The Monitor window allows you to see the characters per second throughput of your Internet connection in real time. Green bars in the upper half show receive data while red bars in the lower half show transmit. The plot shifts left each second to show the last minute of data transfer.

The scale for the vertical axis defaults to base-2 logarithmic and adjusts automatically so the data will fit. Each succesive vertical increment represents twice as much data. The marks on the vertical axis are spaced two increments apart corresponding to four times as much data (0, 2, 8, 32, 128, 512, 2K, 8K, 32K...). By using a logarithmic scale, small packets are easily visible along side large data transfers.

A check box by the bottom left of the plot area selects a linear vertical scale for visually comparing the relative size of plot segments.

The numeric display below the plot area shows the total number bytes sent and received as well as the maximum and average number of bytes per second. The total number of bytes sent and received is updated any time the Monitor window is running and is remembered between monitoring sessions. You can reset the totals by selecting "Clear" under the History menu. The average number of bytes per second is calculated over the last 10 seconds.

The popup menu just above the Start button selects the network port for monitoring. Notice you can have more than one Monitor window monitoring different network ports at the same time.

IPNetMonitorX recognizes the 'GURL' AppleEvent to handle URLs of the form:

	monitor://localhost;interface=en0

You can select File->Save to save a double-clickable ".ipnm" document with the corresponding URL. You can preview the URL that will be saved by pausing over the "Save" button in the panel that appears. URLs are saved as plain text. You can include multiple URLs in the same file, one per line, to open the corresponding tools.

The number of characters per second are counted at "network interrupt time" (splnet), so are largely unaffected by other applications on your system.

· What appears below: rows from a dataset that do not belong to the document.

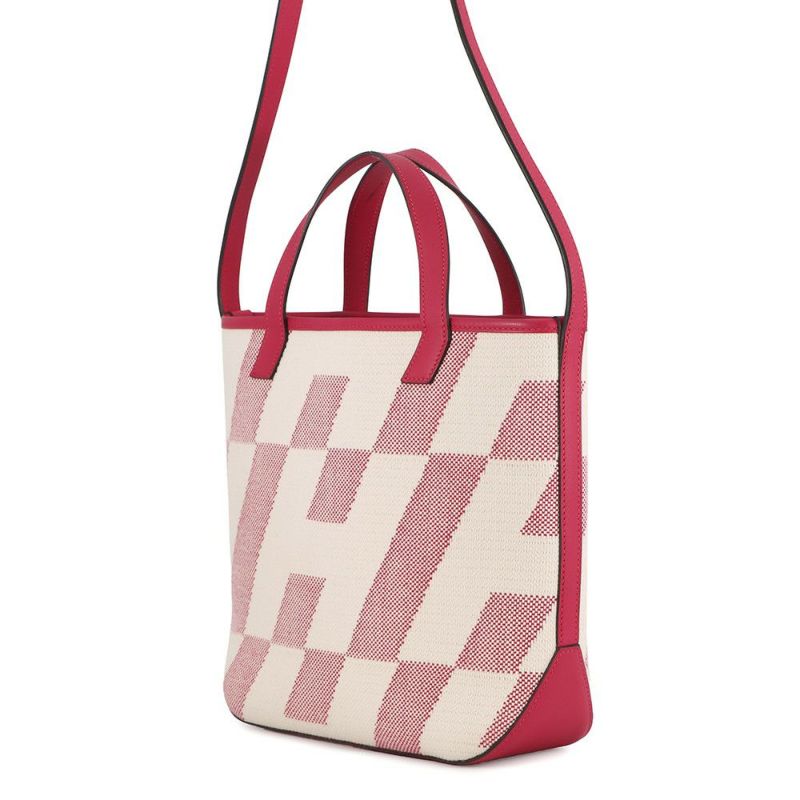 エルメス トートバッグ H・アン・ビエPM フランボワーズ トワルアッシュ/スイフト Z刻印 ２wayショルダー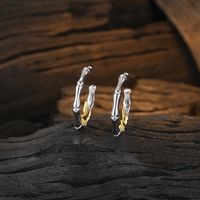 1 Pair Casual Leaf Flower Plating Sterling Silver 24k Gold Plated White Gold Plated Ear Studs main image 3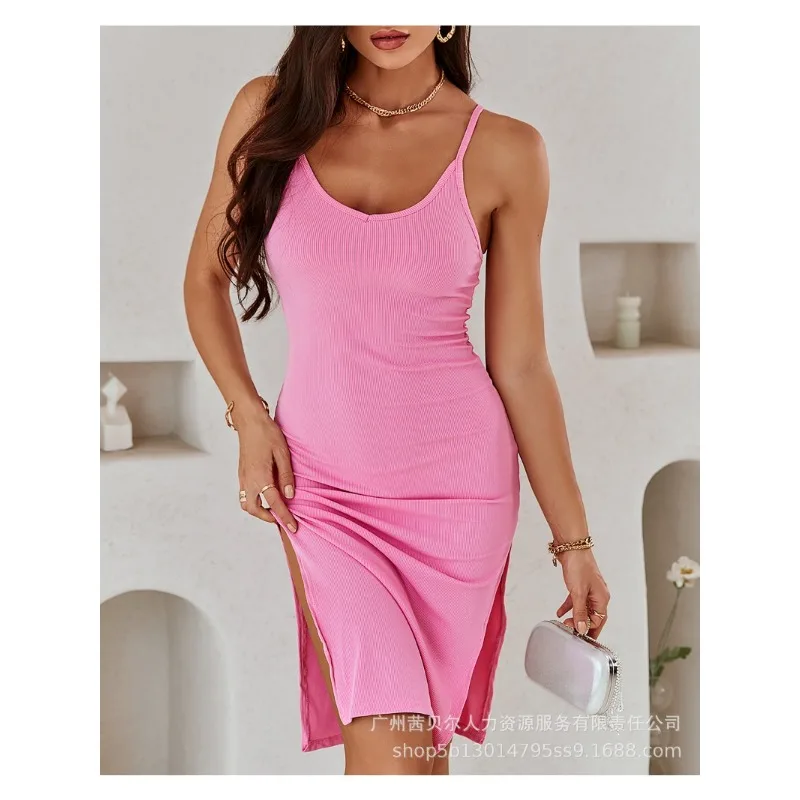 Bodycon Dress High Waist Solid Color Split Y2K Sling Sunken Stripe Tight Dress Women Summer Sexy Camis Sheath Strap Dress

The Monitor actually collects data by inserting a probe module (IPNetKernel NKE) between the network layer (IP) and the Data Link provider. The probe can be inserted as a DLIL Interface Filter (default) to see all traffic on that interface (including ARP and AppleTalk), or as a DLIL Protocol Filter to see only IP traffic. DLIL Protocol Filters do not see traffic from the Classic network stack. To insert the probe as a Protocol Filter, press and hold the Option key while clicking on the Start button to begin monitoring.

The probe module (IPNetKernel NKE) only intercepts network traffic while monitoring is in progress. When the Monitor tool(s) for a given interface stop monitoring, the probe module is automatically removed from the corresponding data stream. The NKE normally remains loaded until you restart your system since other applications might be using it. You can try forcing the NKE to unload by selecting "Unload NKE" from the IPNetMonitorX application menu. This feature allows you to load a newer version of the NKE without restarting your system. The NKE will only unload when all monitoring connections to it have been stopped.